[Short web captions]
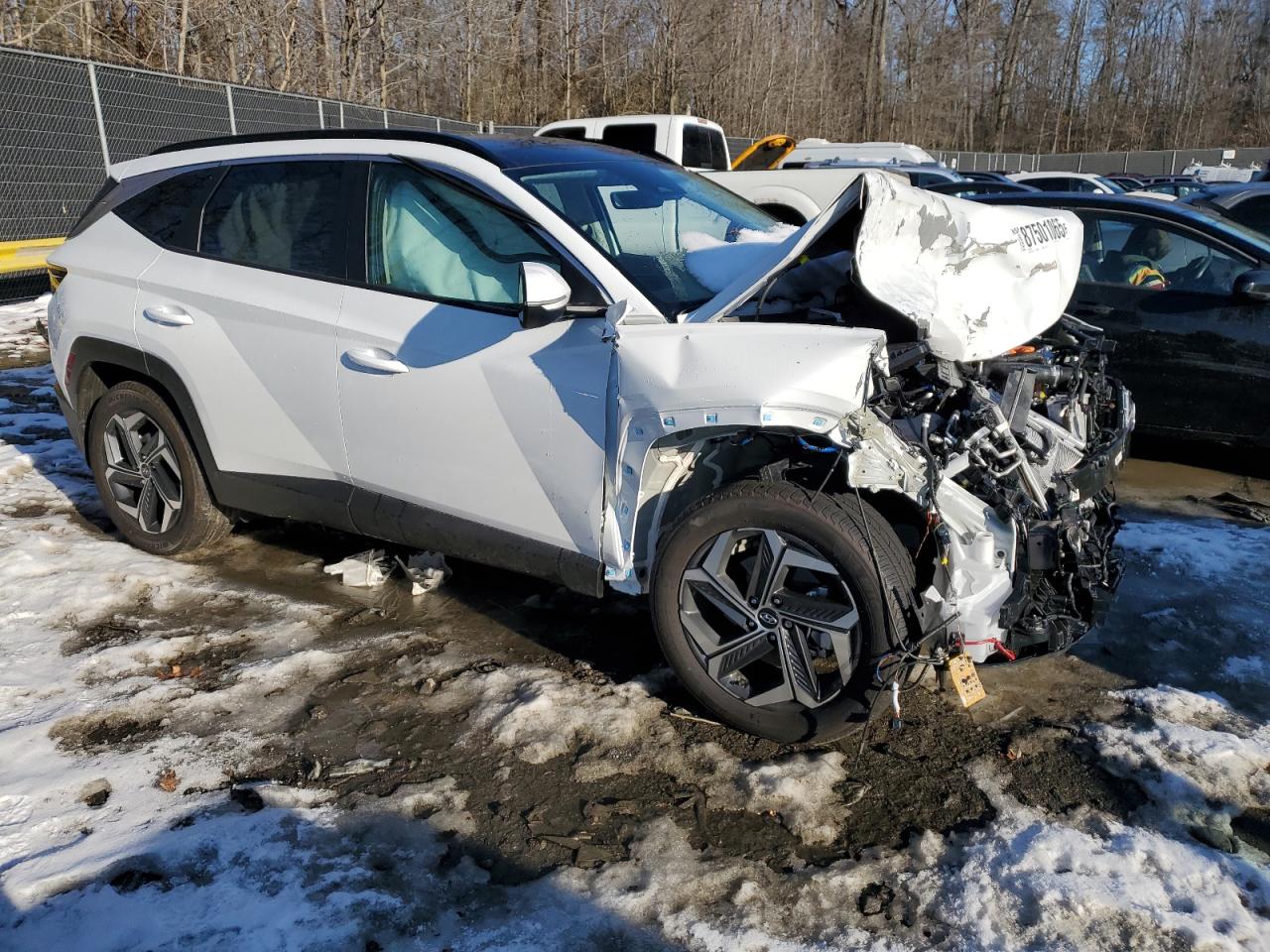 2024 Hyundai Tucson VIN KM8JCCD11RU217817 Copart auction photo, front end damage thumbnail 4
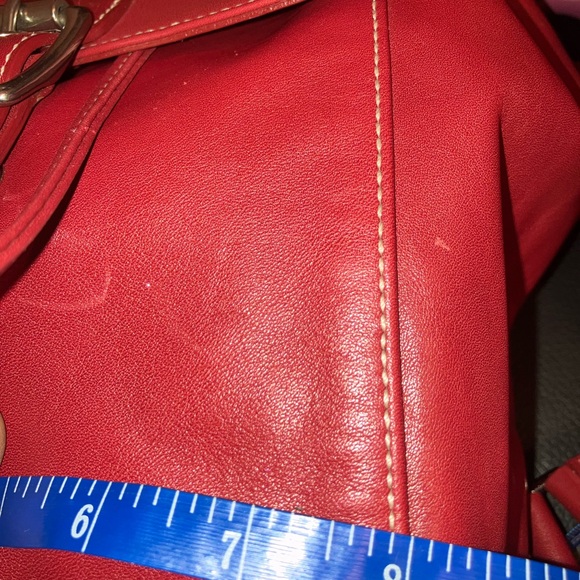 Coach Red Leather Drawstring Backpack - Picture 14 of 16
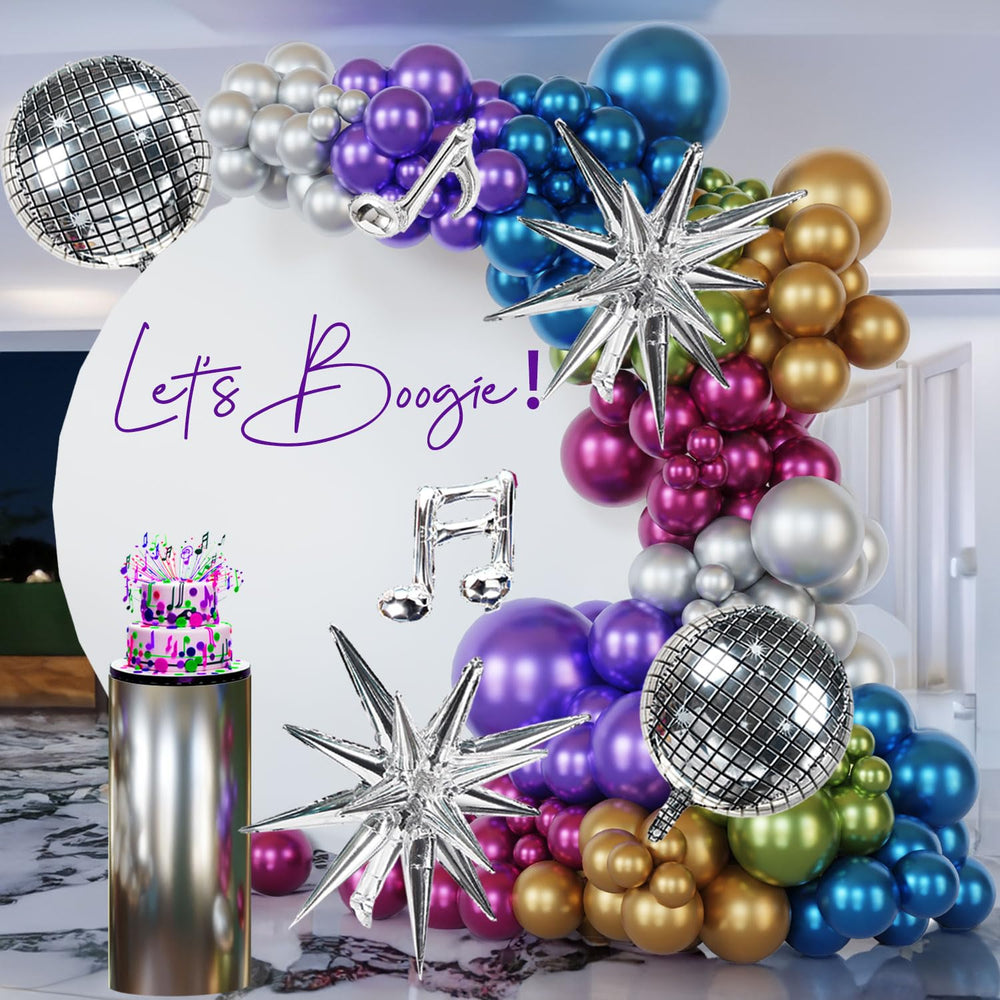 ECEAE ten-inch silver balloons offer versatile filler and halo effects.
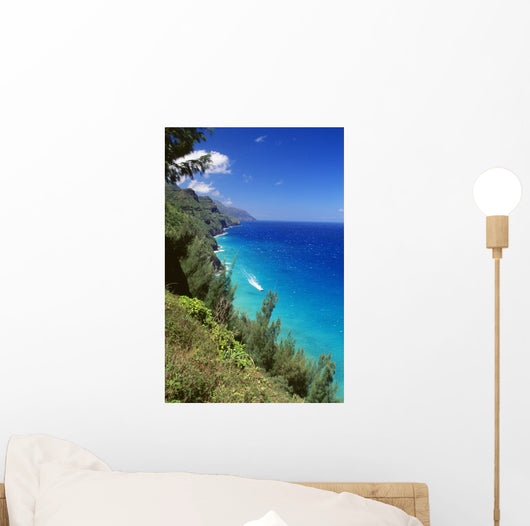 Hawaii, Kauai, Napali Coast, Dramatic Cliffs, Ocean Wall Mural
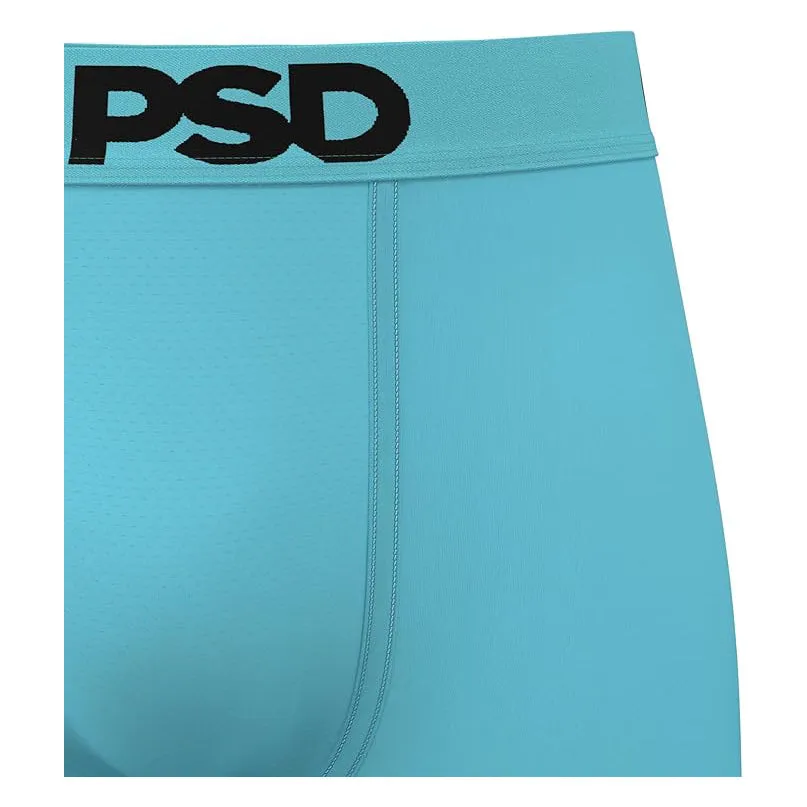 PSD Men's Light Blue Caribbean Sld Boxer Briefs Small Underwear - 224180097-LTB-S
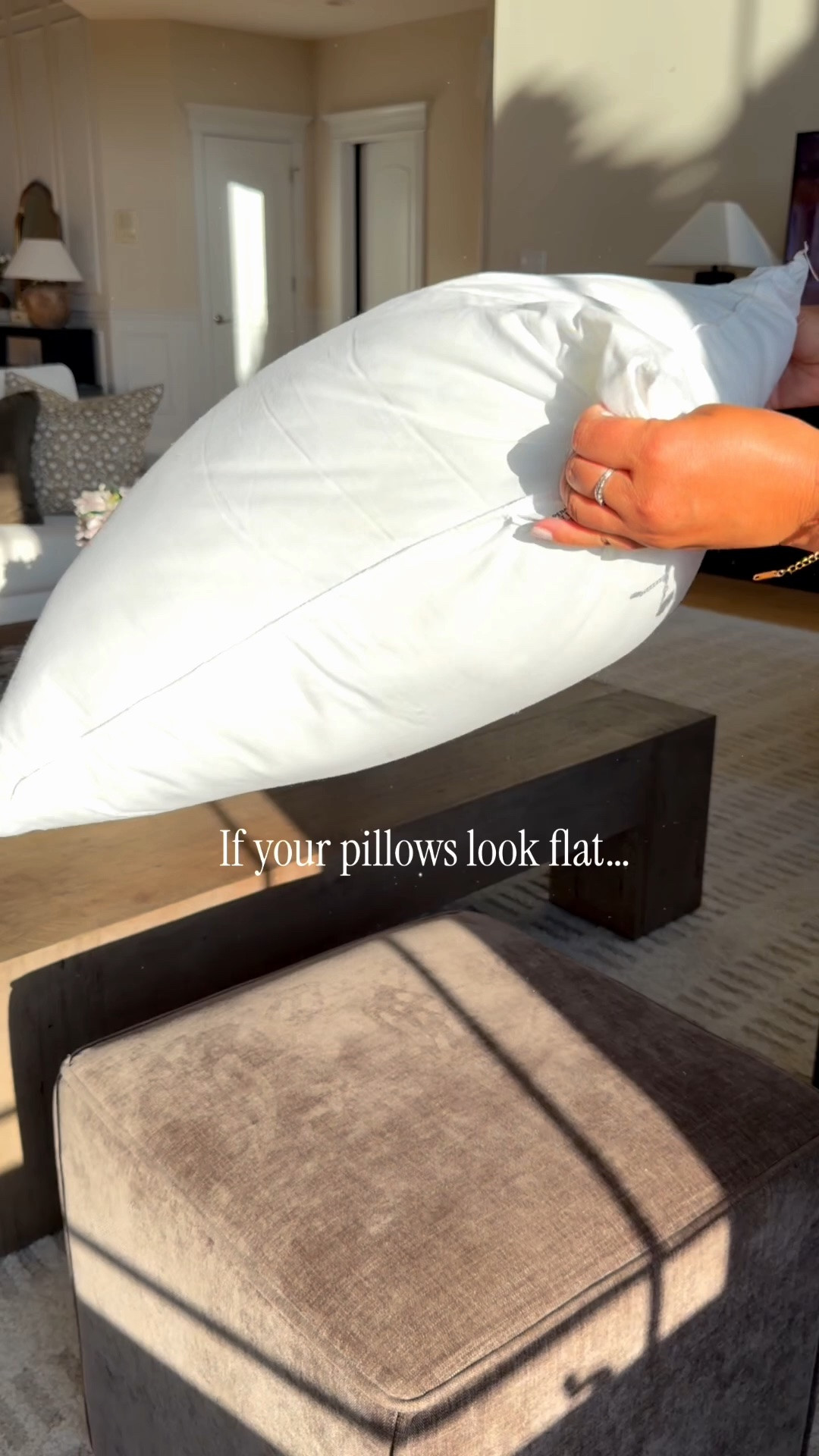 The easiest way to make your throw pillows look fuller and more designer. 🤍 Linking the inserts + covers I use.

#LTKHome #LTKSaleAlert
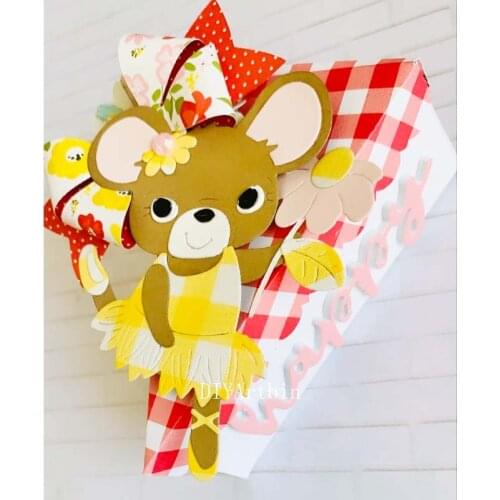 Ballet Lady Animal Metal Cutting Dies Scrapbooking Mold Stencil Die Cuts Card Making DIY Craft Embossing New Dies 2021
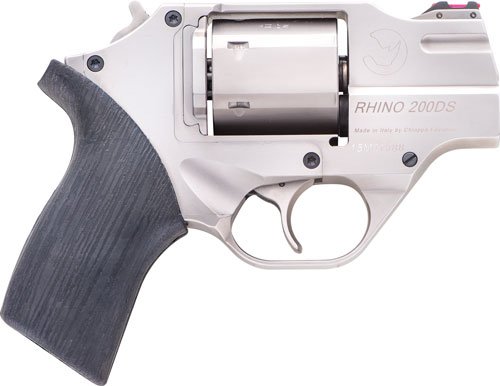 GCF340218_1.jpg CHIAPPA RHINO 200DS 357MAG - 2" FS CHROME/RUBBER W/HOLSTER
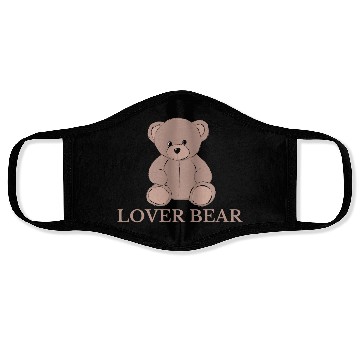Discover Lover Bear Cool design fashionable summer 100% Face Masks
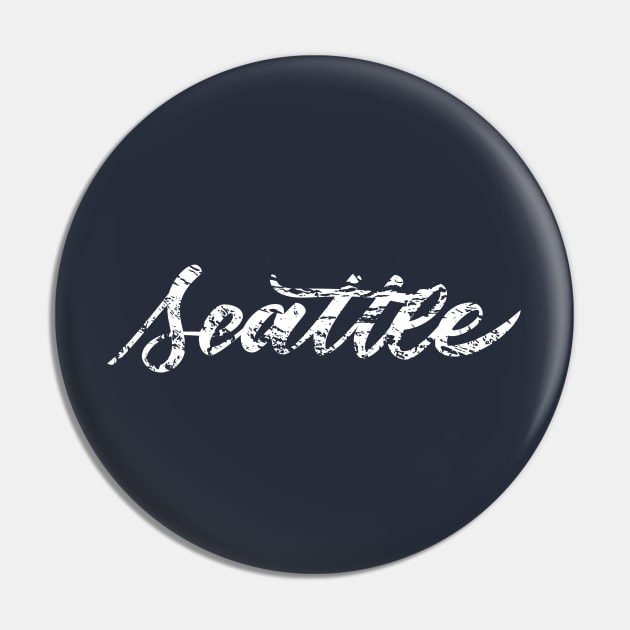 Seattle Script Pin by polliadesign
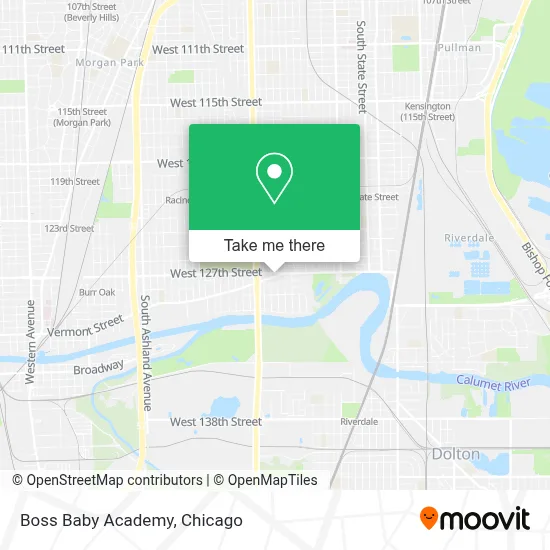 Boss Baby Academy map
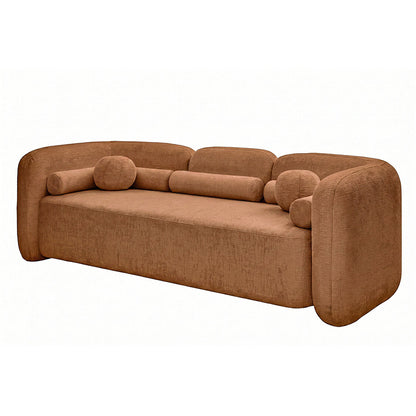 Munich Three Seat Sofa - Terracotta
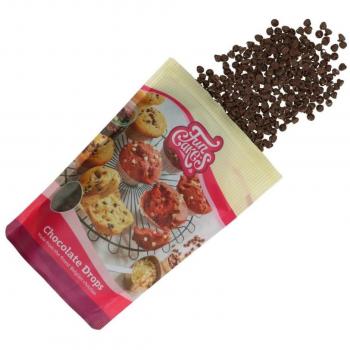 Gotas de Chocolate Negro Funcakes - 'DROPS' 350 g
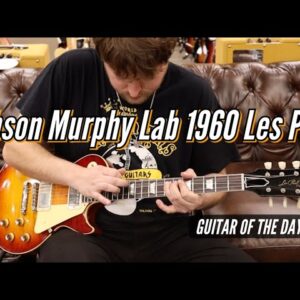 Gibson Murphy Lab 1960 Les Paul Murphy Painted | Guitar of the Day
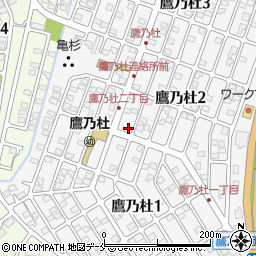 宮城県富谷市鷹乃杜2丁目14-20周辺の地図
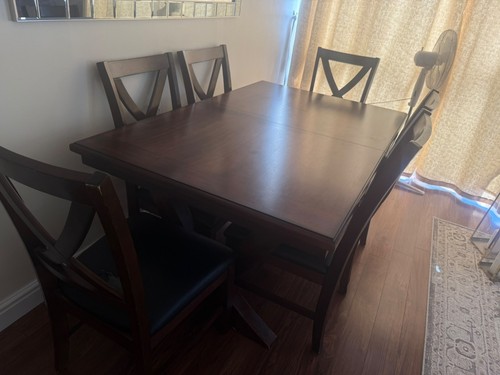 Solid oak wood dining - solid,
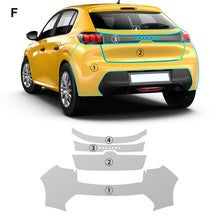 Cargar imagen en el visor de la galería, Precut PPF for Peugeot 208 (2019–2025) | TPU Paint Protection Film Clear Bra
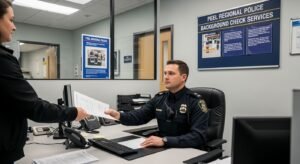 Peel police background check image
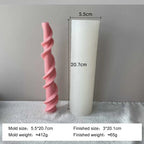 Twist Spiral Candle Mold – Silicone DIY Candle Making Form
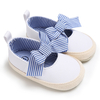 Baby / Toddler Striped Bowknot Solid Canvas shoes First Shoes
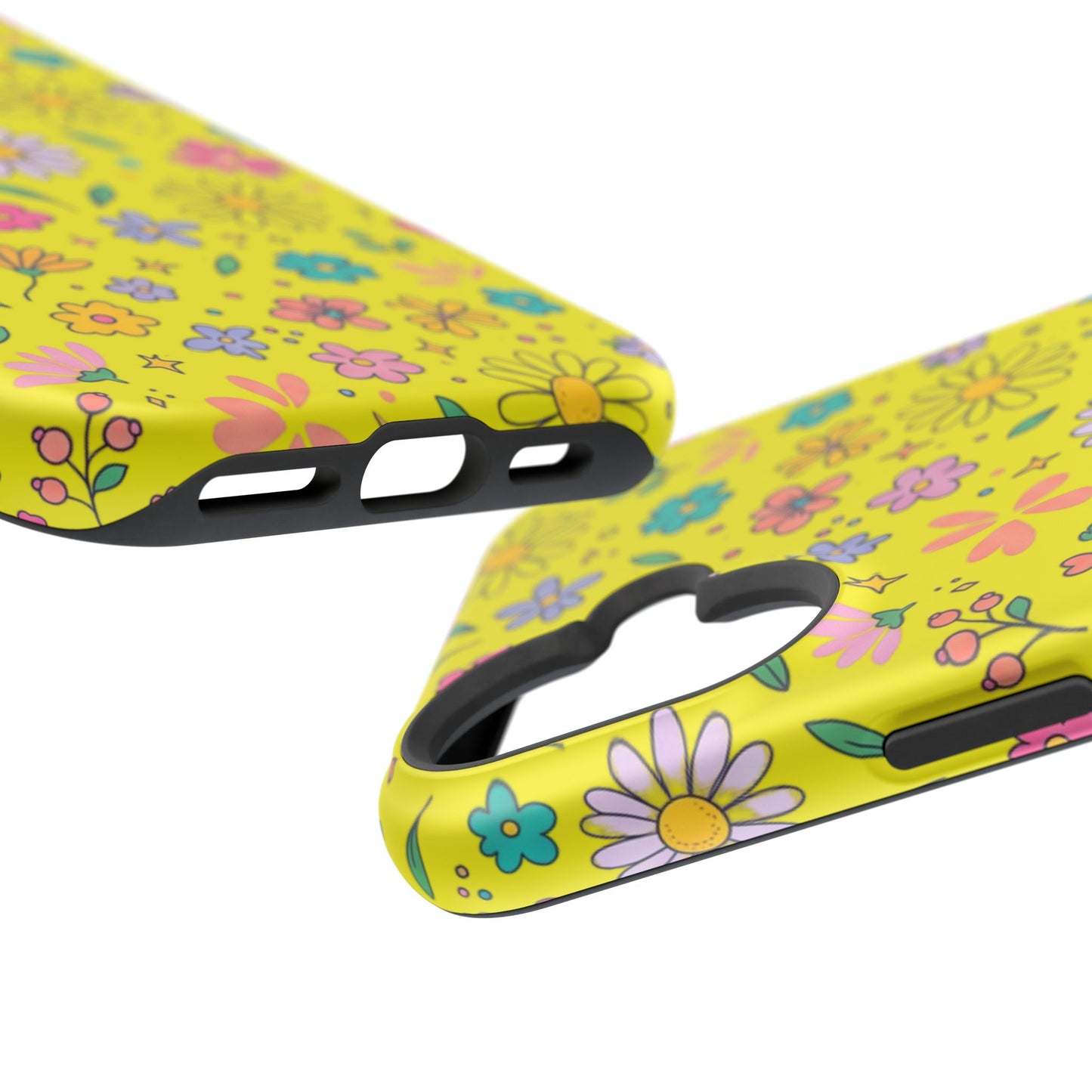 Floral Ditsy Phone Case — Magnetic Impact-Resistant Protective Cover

▶ _Exercise instructions_:
Output all of the entries once more, word for word, with the images removed.

▶ _Expected answer_:
 2024 Hyundai Tucson VIN KM8JCCD11RU217817 Copart auction photo, front end damage thumbnail 4
 Coach Red Leather Drawstring Backpack - Picture 14 of 16
 ECEAE ten-inch silver balloons offer versatile filler and halo effects.
 Hawaii, Kauai, Napali Coast, Dramatic Cliffs, Ocean Wall Mural
 PSD Men's Light Blue Caribbean Sld Boxer Briefs Small Underwear - 224180097-LTB-S
 The easiest way to make your throw pillows look fuller and more designer. 🤍 Linking the inserts + covers I use.

#LTKHome #LTKSaleAlert
 Ballet Lady Animal Metal Cutting Dies Scrapbooking Mold Stencil Die Cuts Card Making DIY Craft Embossing New Dies 2021
 GCF340218_1.jpg CHIAPPA RHINO 200DS 357MAG - 2" FS CHROME/RUBBER W/HOLSTER
Discover Lover Bear Cool design fashionable summer 100% Face Masks
 Seattle Script Pin by polliadesign
 Boss Baby Academy map
 Munich Three Seat Sofa - Terracotta
 Gotas de Chocolate Negro Funcakes - 'DROPS' 350 g
 Gibson Murphy Lab 1960 Les Paul Murphy Painted | Guitar of the Day
 宮城県富谷市鷹乃杜2丁目14-20周辺の地図
 Solid oak wood dining - solid,
 Cargar imagen en el visor de la galería, Precut PPF for Peugeot 208 (2019–2025) | TPU Paint Protection Film Clear Bra
 Peel police background check image
 Twist Spiral Candle Mold – Silicone DIY Candle Making Form
 Baby / Toddler Striped Bowknot Solid Canvas shoes First Shoes
 Floral Ditsy Phone Case — Magnetic Impact-Resistant Protective Cover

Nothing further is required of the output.